All the time I spent travelling around the world in my younger years has really come in handy as I've grown older because I've learnt from experience and picked up some pretty handy tricks along the way. 

Start as you mean to go on:
The first thing I do whenever I board a plane, no matter how long the flight may be, is to change my watch to the time at the destination. By doing this, you're giving yourself extra time to start to adjust to the time difference, which means that you shouldn't be affected by it for as long when you get there. They key to this is not just to change the clock, but start to live by it as well - try to sleep and eat when you should according to the watch, not your biological clock. This can be a bit tricky, but the earlier you start the transition, the earlier you'll adjust.

Listen to your body, but know when to ignore it:
One thing that I've learnt time and time again along the way is knowing when to push your body, and when to reward it.
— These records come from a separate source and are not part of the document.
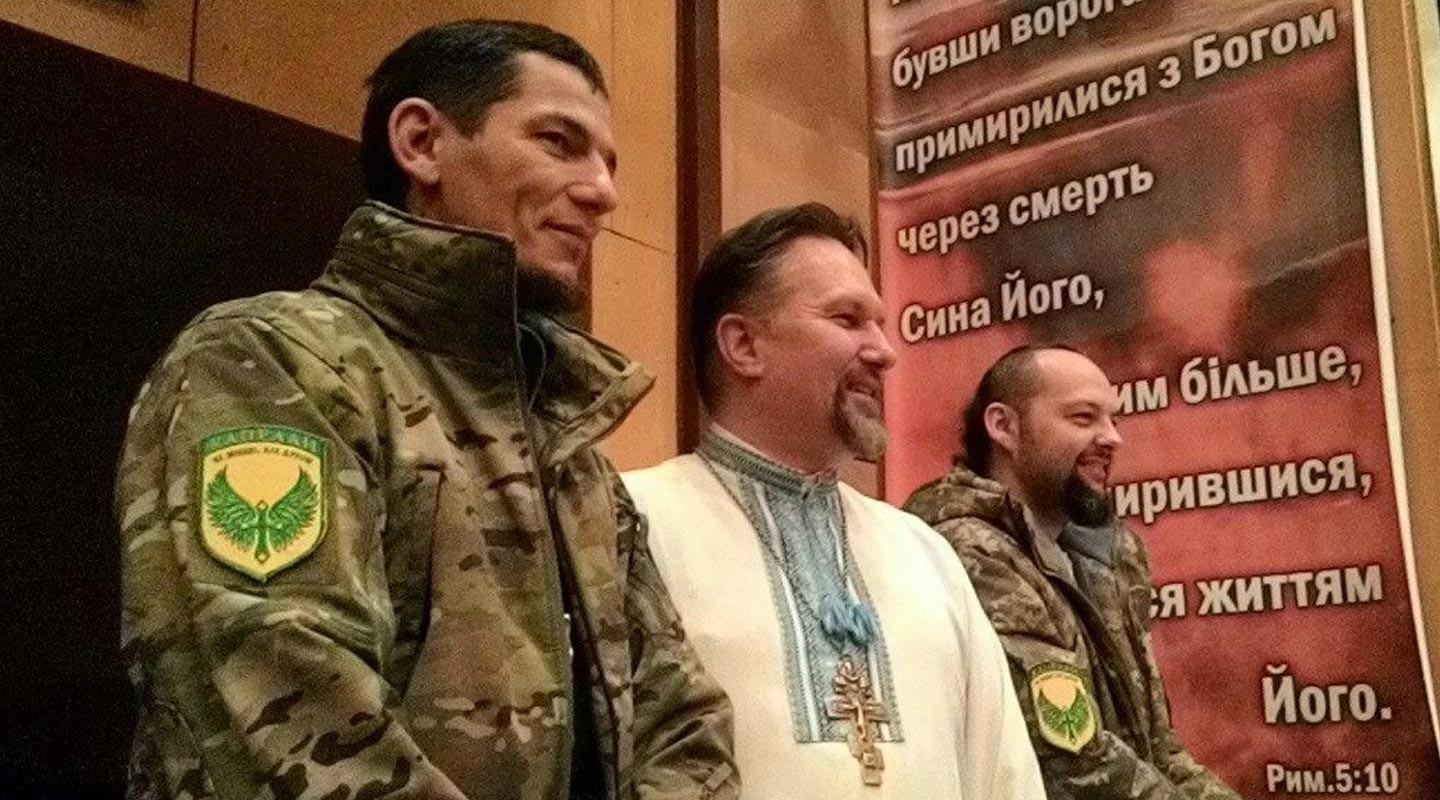 Сергей Журавлев (в центре) с откомандированными им в "Правый сектор" капелланами Александром Головченко (слева) и Владимиром Ризником (справа). Украина, январь 2015 года. Фото: vk.com/Владимир Ризнык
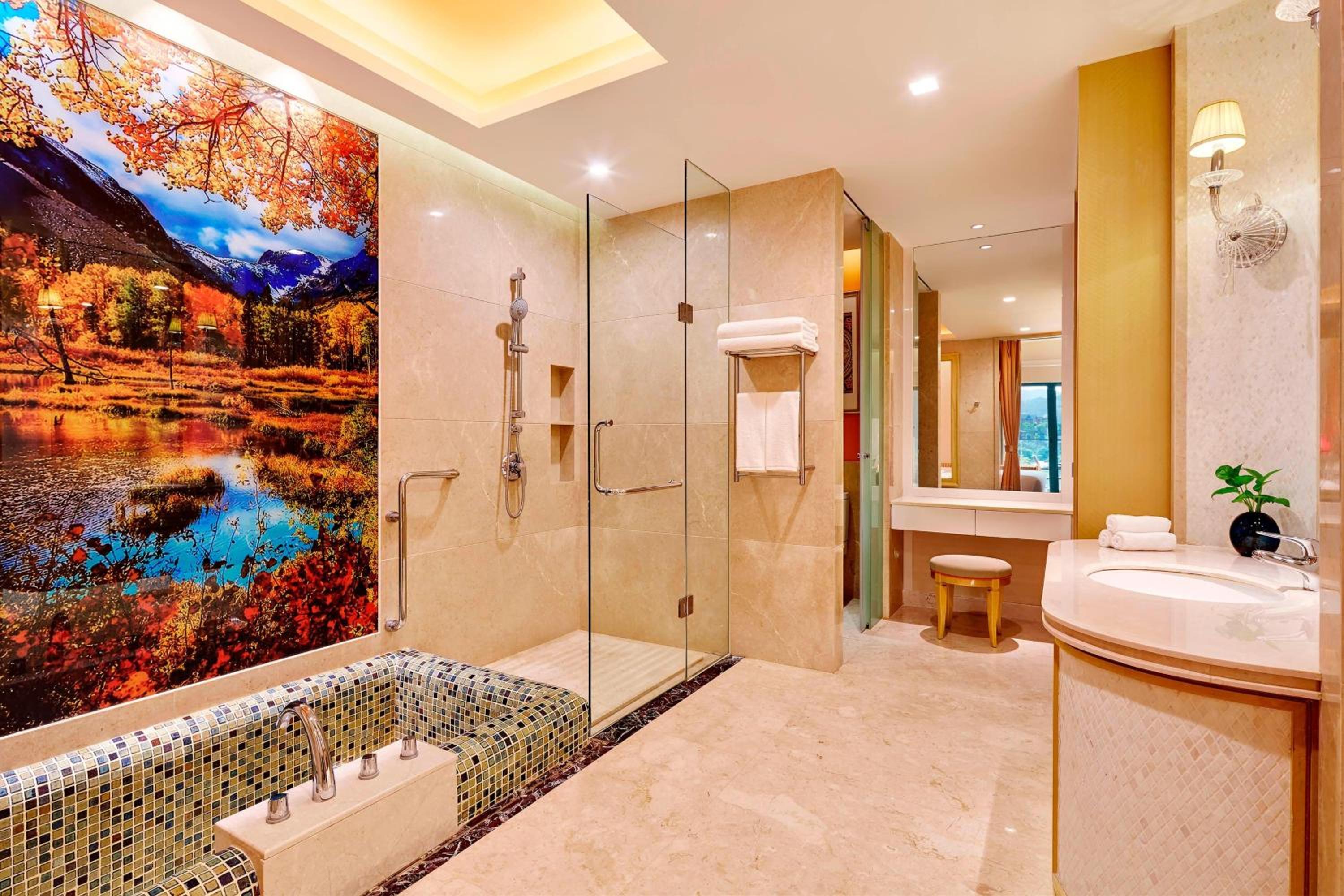 Four Points by Sheraton Heyuan Resort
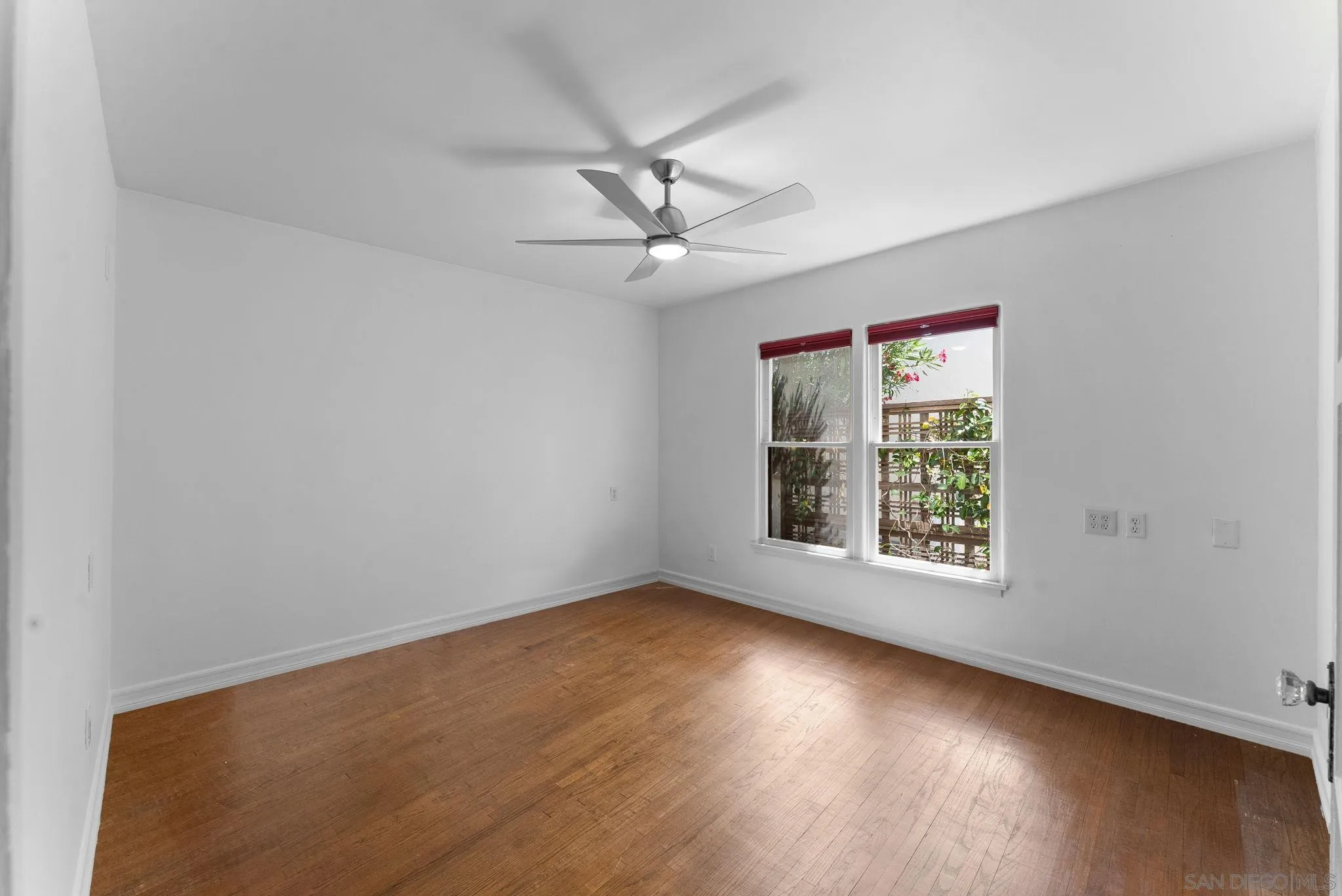 https://cdn.realtyfeed.com/cdn/127/250036977/6f18495af70454421b2a1fcf0a881d0e.webp
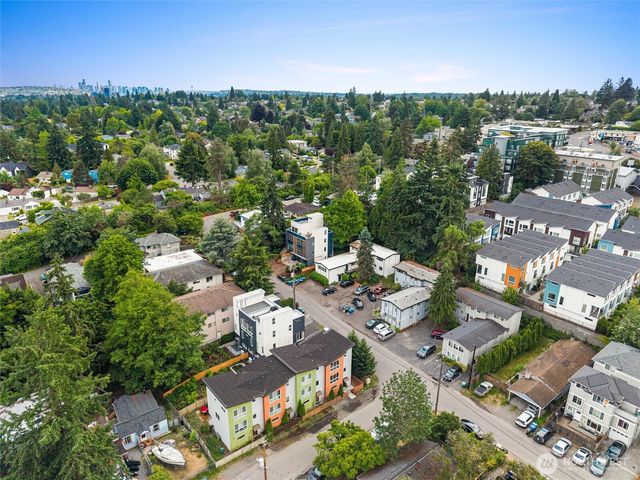2301 NE 86th Street, Seattle, WA 98115
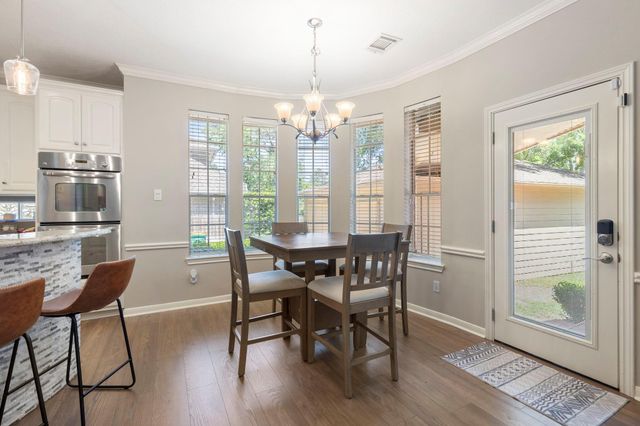 10 Scenic Mill Place, The Woodlands, TX 77382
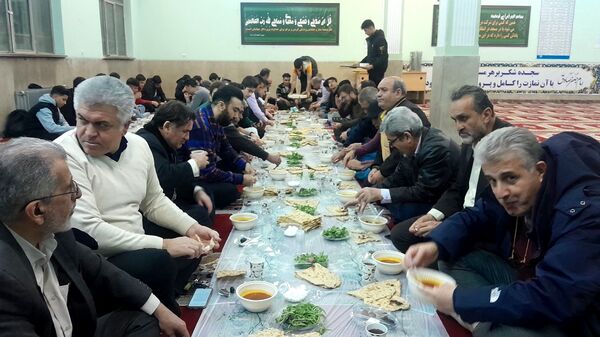 مراسم افطاری در دبیرستان دهخدا ناحیه یک کرج 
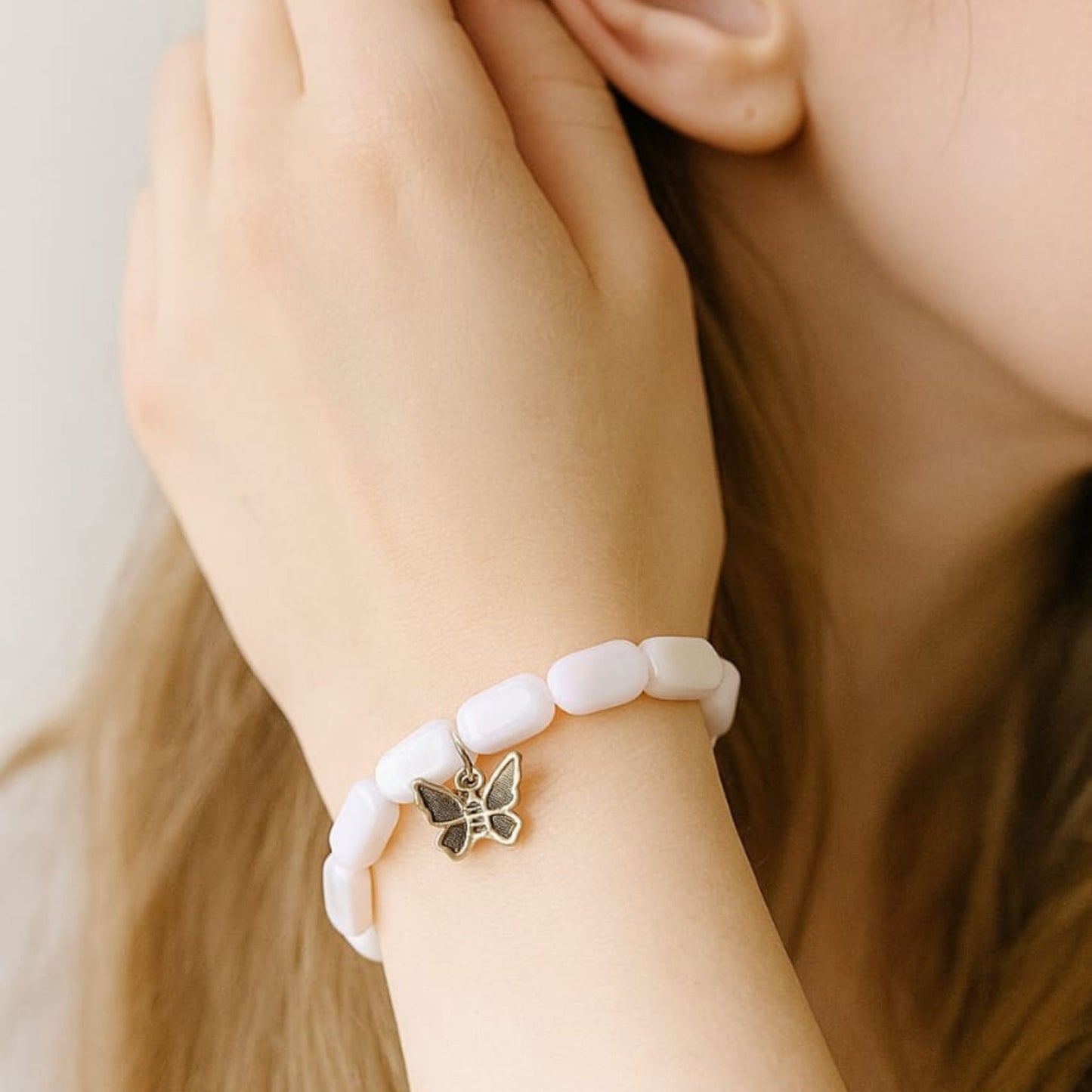 White Crystal Bead Bracelet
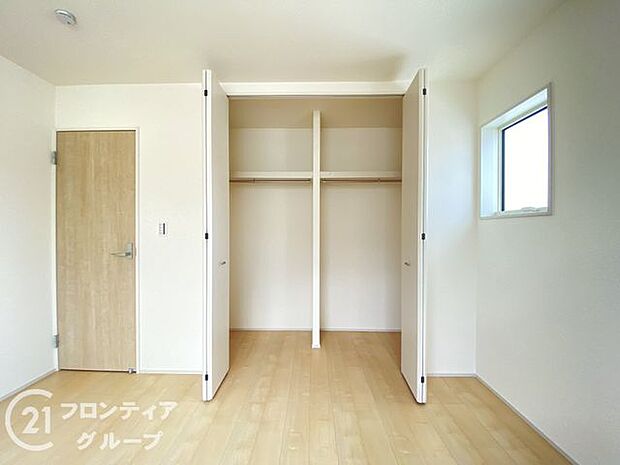 充実した収納スペースなので、お子様が大きくなって、荷物が増えてもたっぷり収納しておけますね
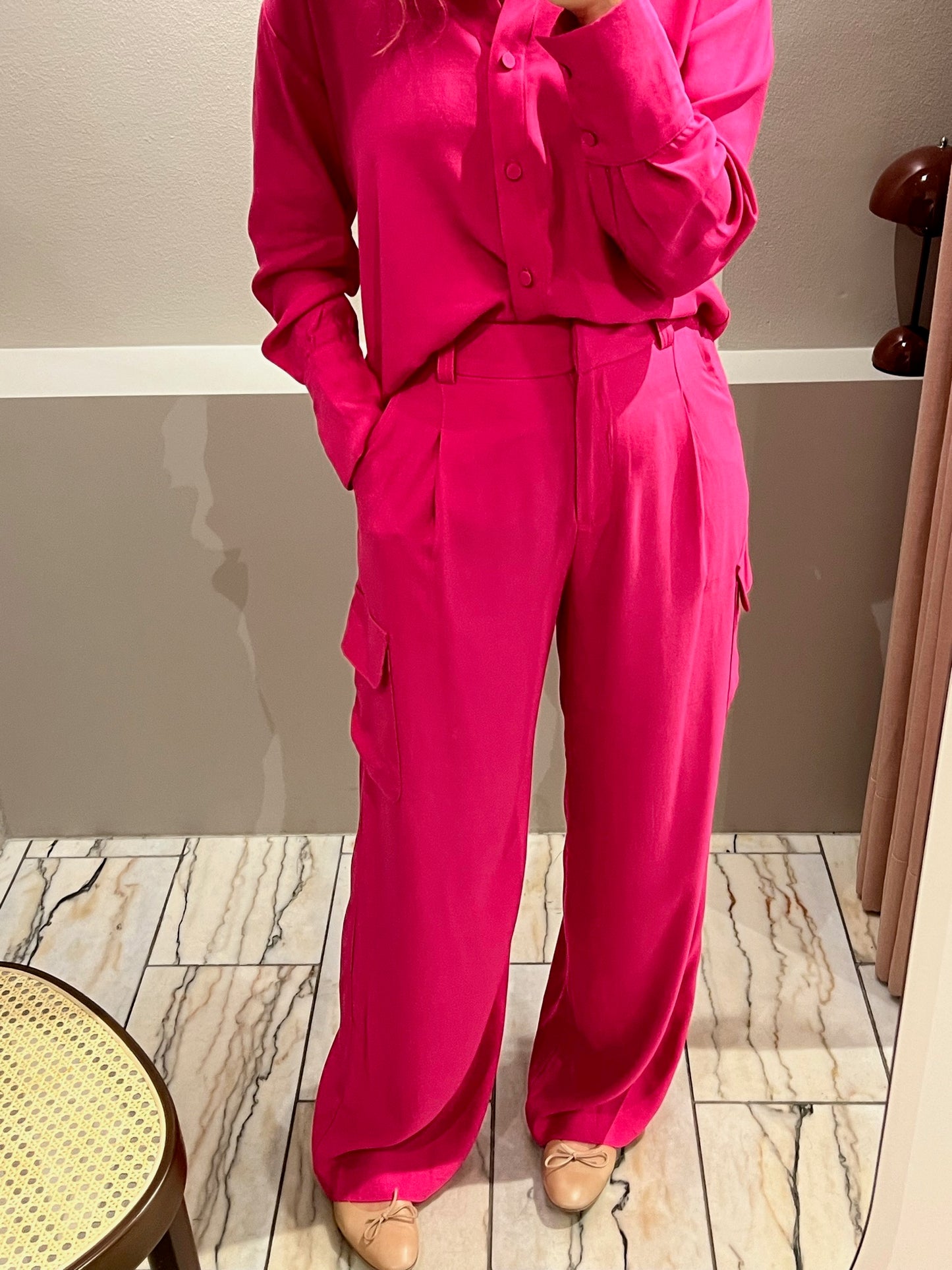SUNCOO JOHN Trousers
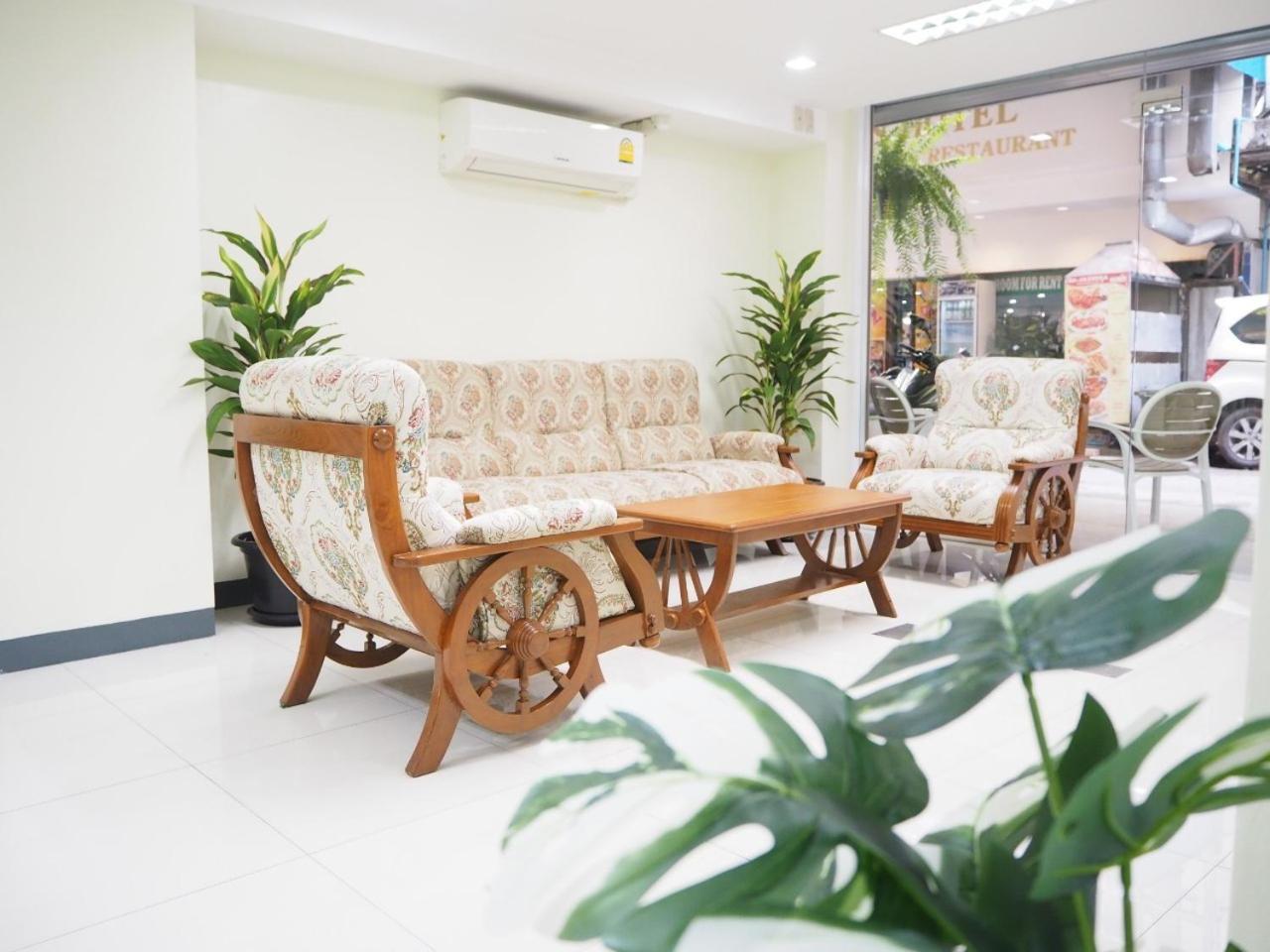 Nana Best Inn Hotel Makkasan Luaran gambar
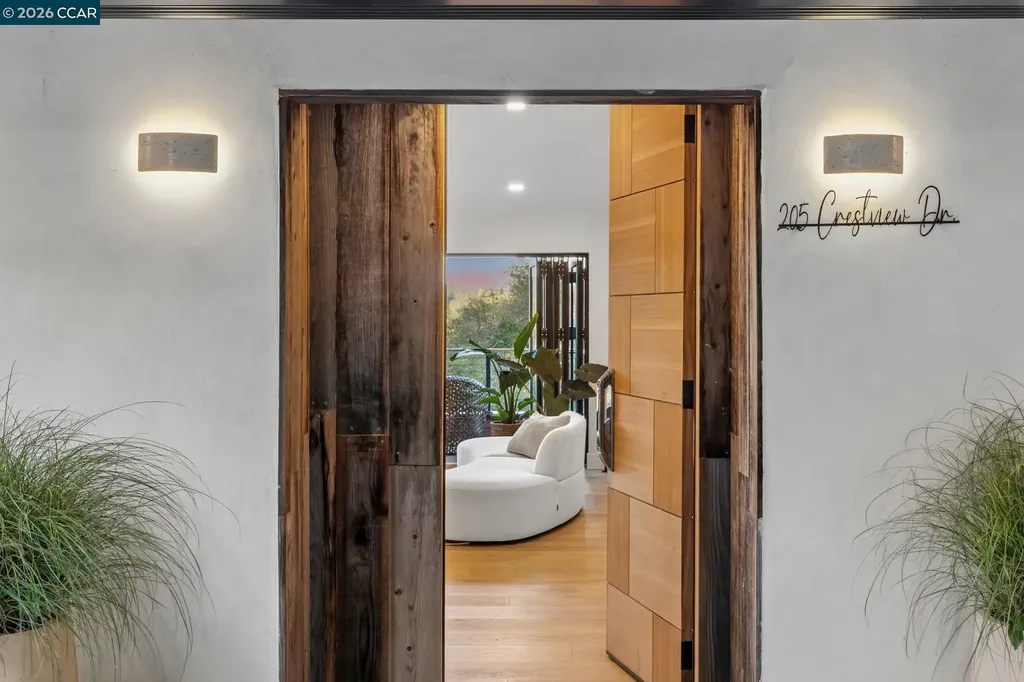 205 Crestview Drive Orinda CA 94563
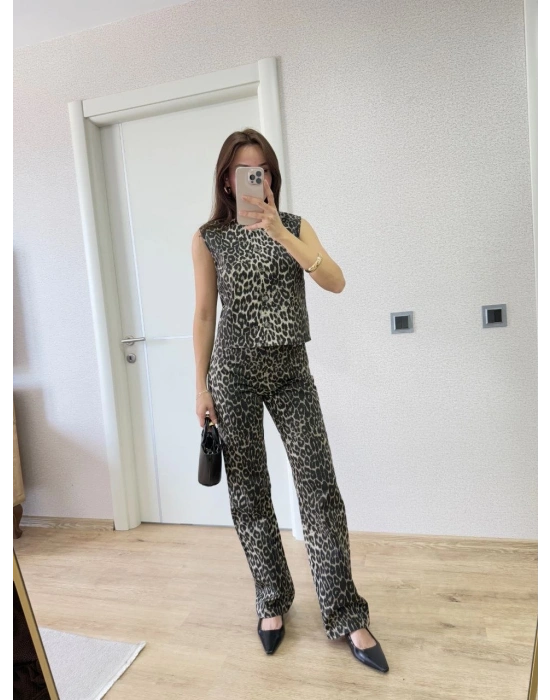 leopar desenli Düğmeli Bluzlu Pantolon İkili Takım -Leopar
I know this sounds bad, but if you're fighting jet lag then sometimes you have to go against your bodily instincts and keep trucking - especially when it comes to sleep. It's super important when travelling to make sure that you're constantly fed and hydrated, so if you're feeling hungry or thirsty then top up whenever you need (but stay clear of alcohol as it is dehydrating and can mess with your energy levels). This is when you need to listen to your body - it's better to keep yourself fuelled than try to limit yourself. So what if you eat an extra few calories? You can burn it off by following my next point. The only thing that you need to be strict with is sleep - if you give in then you can add days to your adjustment period, so if you're dying for a nap then make sure to keep it under an hour (as hard as it may seem) or better yet, try to forgo it all together and push yourself to restrain until it's an appropriate time to sleep. Trust me, the stricter you are, the quicker you adjust! One thing that usually helps is exercise, although it's probably the last thing you want to do. Exercise will help top up your energy levels immediately and will help to tire you out in the long run, helping to aid sleep when you are eventually allowed to go to bed. I'm not talking marathon training or anything, but even a 30 minute routine at the gym or walking to lunch and back instead of taking the metro will help. 

Keep busy:
One of the things I found the hardest when I was younger was flying from HK back to the UK for Christmas because the adjustment was just so difficult. First off, we would usually land at about 4 am, when made the day SO much longer, and when you add that to the eight hour time difference and the shorter days, you can imagine how tired I felt once it got to about 4 pm. This is where keeping busy comes into play - no matter how tired you are, you'll always feel it more if you're sat doing nothing. If you get out and about, keep yourself occupied with a shopping trip or a dinner with friends, you're much more likely to keep yourself awake. Same goes for if you've flown from west to east and you're up late at night with jet lag - if you're not doing anything during the day you won't be that tired, but if you go out and keep busy you're much more likely to wear yourself out and are therefore more likely to get a good nights sleep.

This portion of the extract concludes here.